News on the book front! The editorial board of Anonymous Prestigious University Press has approved publication of my academic study of public confession. Which means that I am now going to unmask them: the mystery publisher is Princeton University Press.

We’re now in the contract negotiation stage of the process.

Getting a book approved for publication by a university press is quite different than selling to a trade publisher. With my other books, I’ve submitted an outline to my editor, whose primary concerns are 1) is it readable? and 2) will it sell? He then takes it to an editorial meeting, where he presents it to the other editors and tries to convince them that the project is worth investing in. If they agree, I get a contract.

University press publishing is quite different.
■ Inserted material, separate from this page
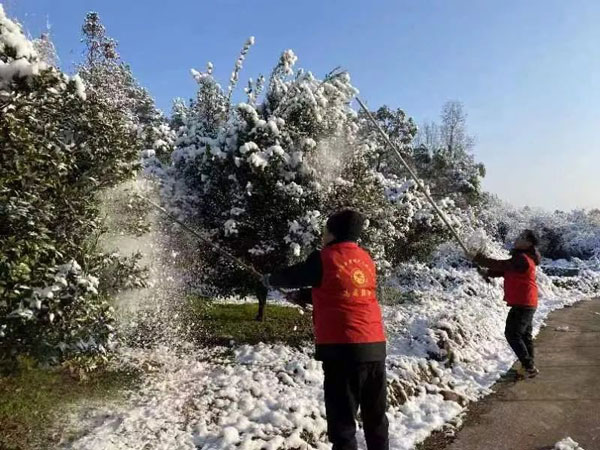 【闻“雪”而动】医院驻村工作队大雪里保畅通送温情 【闻“雪”而动】医院驻村工作队大雪里保畅通送温情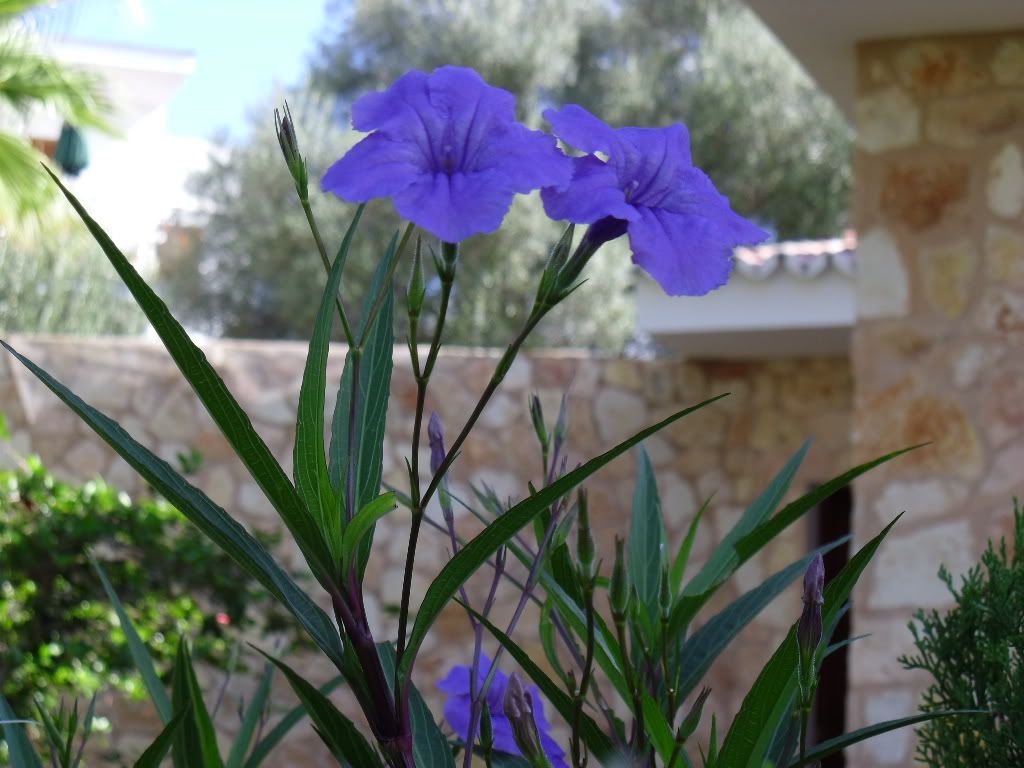 http://i711.photobucket.com/albums/ww117/bootiful59/Garden/Unknownplant-MajorcaSept2011.jpg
In the first place, while every press needs to sell books in order to stay afloat, the mission of a university press is (to quote the Princeton University Press mission statement) “to disseminate scholarship…both within academia and to society at large….regardless of commercial viability.”

In fact, university presses often publish books that are of interest to only a few specialized scholars–which has led to the evolution of a weird publishing phenomenon, the subvention–which happens when your academic department forks over money to the publisher to help pay for your book, since only fifty people are ever going to buy and read it. (My book, fortunately, won’t need a subvention, since it should interest a reasonably wide segment of the general reading public.)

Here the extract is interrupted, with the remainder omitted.